Oct 23, 2024 | 0 comments

By Luis Jaime Acosta

Colombian land dedicated to the cultivation of coca leaves, a raw ingredient for cocaine, jumped 10% last year to reach the largest area in over two decades, a report by the United Nations Office on Drugs and Crime (UNODC) found on Friday.

A deforested area which, according to authorities, is used for coca leaf plantations is seen during an overflight by the Colombian anti-narcotics police in Putumayo, Colombia in November.

Some 253,000 hectares were planted with coca leaf in 2023, the report said, up from 230,000 in 2022. That brought last year’s potential cocaine production up 53% to 2,644 metric tons, compared with 1,738 metric tons a year earlier.

The small-scale cultivation of coca leaf, which is traditionally chewed for energy or as an antidote for altitude sickness, is legal for some indigenous communities in Colombia.

UNODC said the expansion was mainly in the southwestern departments of Cauca and Narino, while remaining relatively stable across the rest of the country.

“The 10% increase in cultivation is in the country’s most productive areas and this has a very important impact on potential production” of cocaine, UNODC’s regional representative, Candice Welsch, told a press conference.

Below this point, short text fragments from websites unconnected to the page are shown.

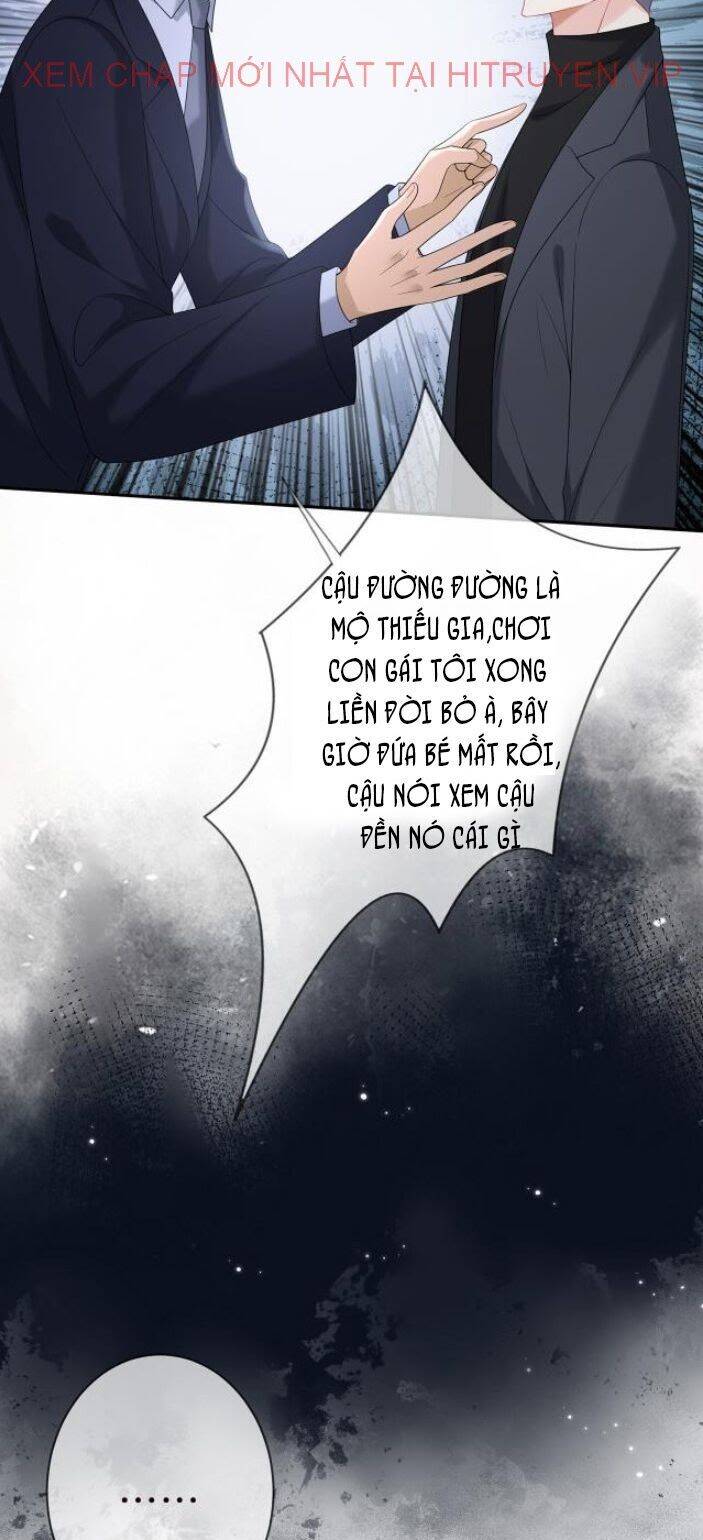 Danh Môn Chí Ái Chapter 366.2 - 23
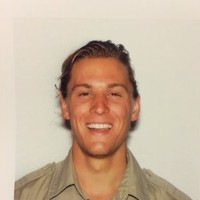 Daniel Wentz, PE
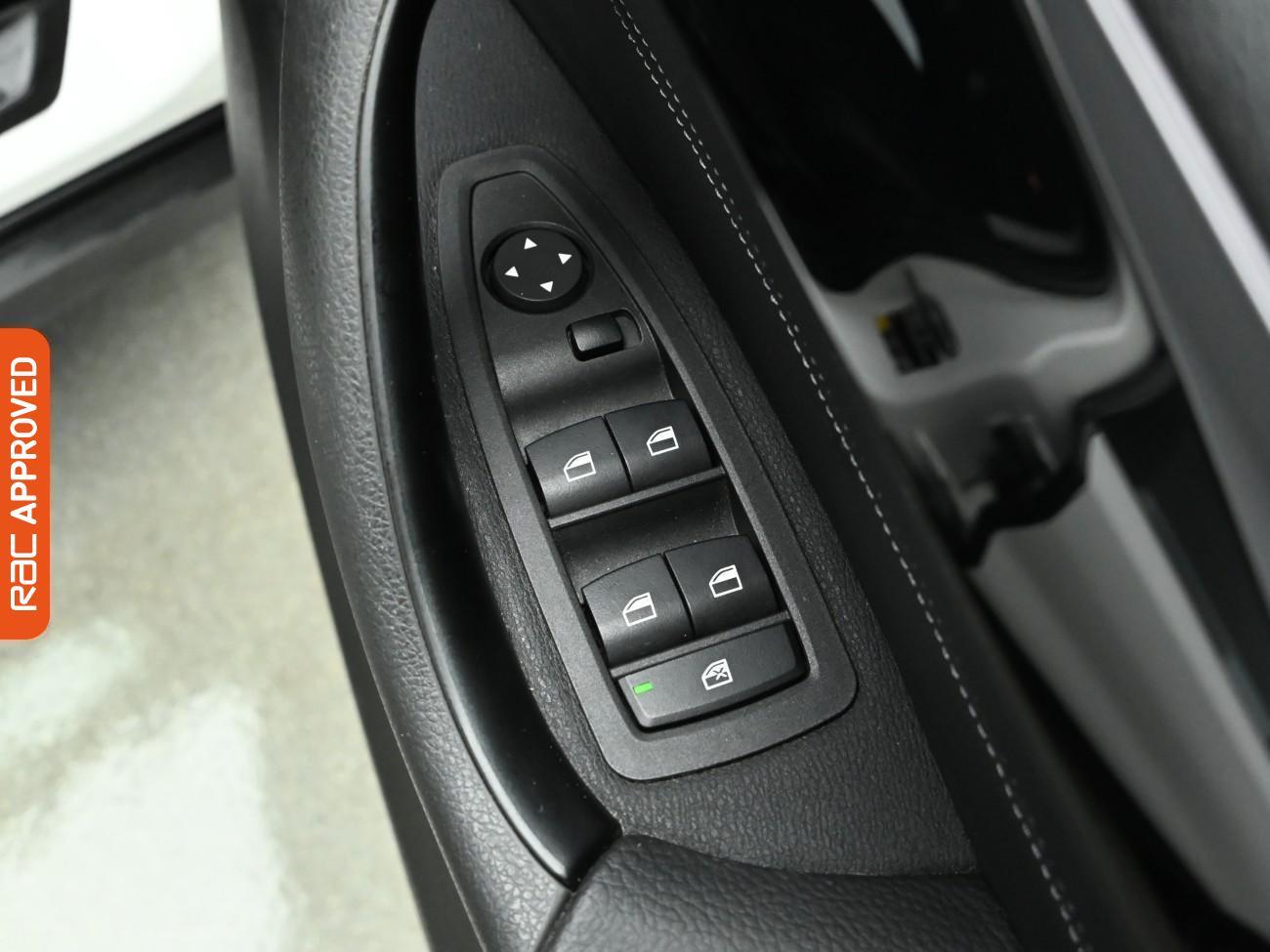 Used BMW X2 2023 for sale - 77199544: Photo 24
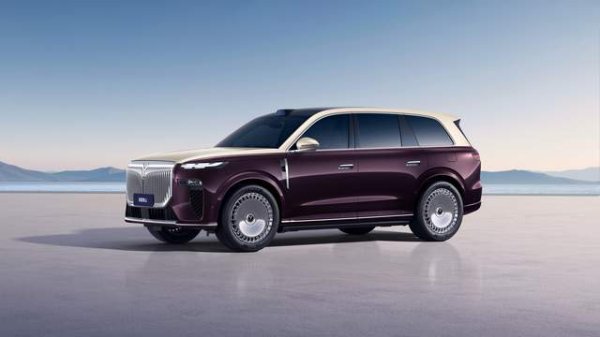 途牛配资 岚图卢放“旗舰顶配”言论坐实猜测，泰山或将搭载500线激光雷达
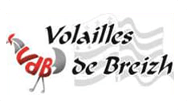 Volailles de breizh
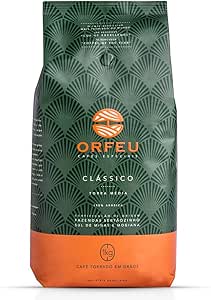 orfeu-cafe-em-graos-classico-1kg - Imagem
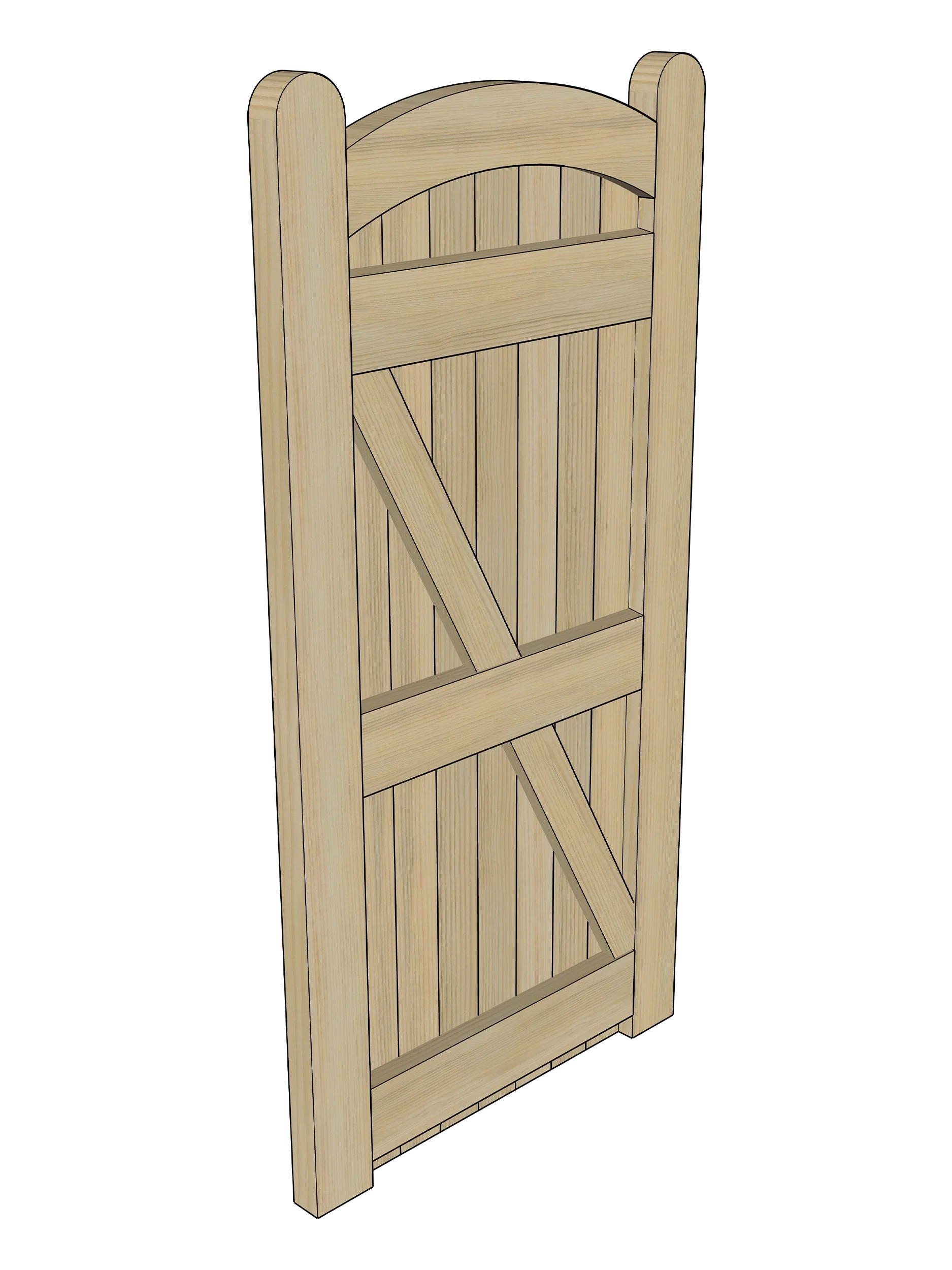 grovewood-bow-top-tongue-and-groove-wooden-side-gate-back-side.webp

Welsch said the plantations were mostly between two and four years old, making them more productive than older farms.

The most concentrated areas of coca leaf production were in areas where leftist guerrilla groups and criminal gangs founded by former far-right paramilitaries are operating.

Colombian authorities have for decades fought to reduce drug trafficking, but the country remains one of the world’s leading cocaine producers. The United States has long pressured the country to reduce its coca leaf farming.

President Gustavo Petro, the South American nation’s first leftist president, has proposed a shift from what he describes as a failed anti-narcotics military strategy toward recognizing drug use as a public health problem.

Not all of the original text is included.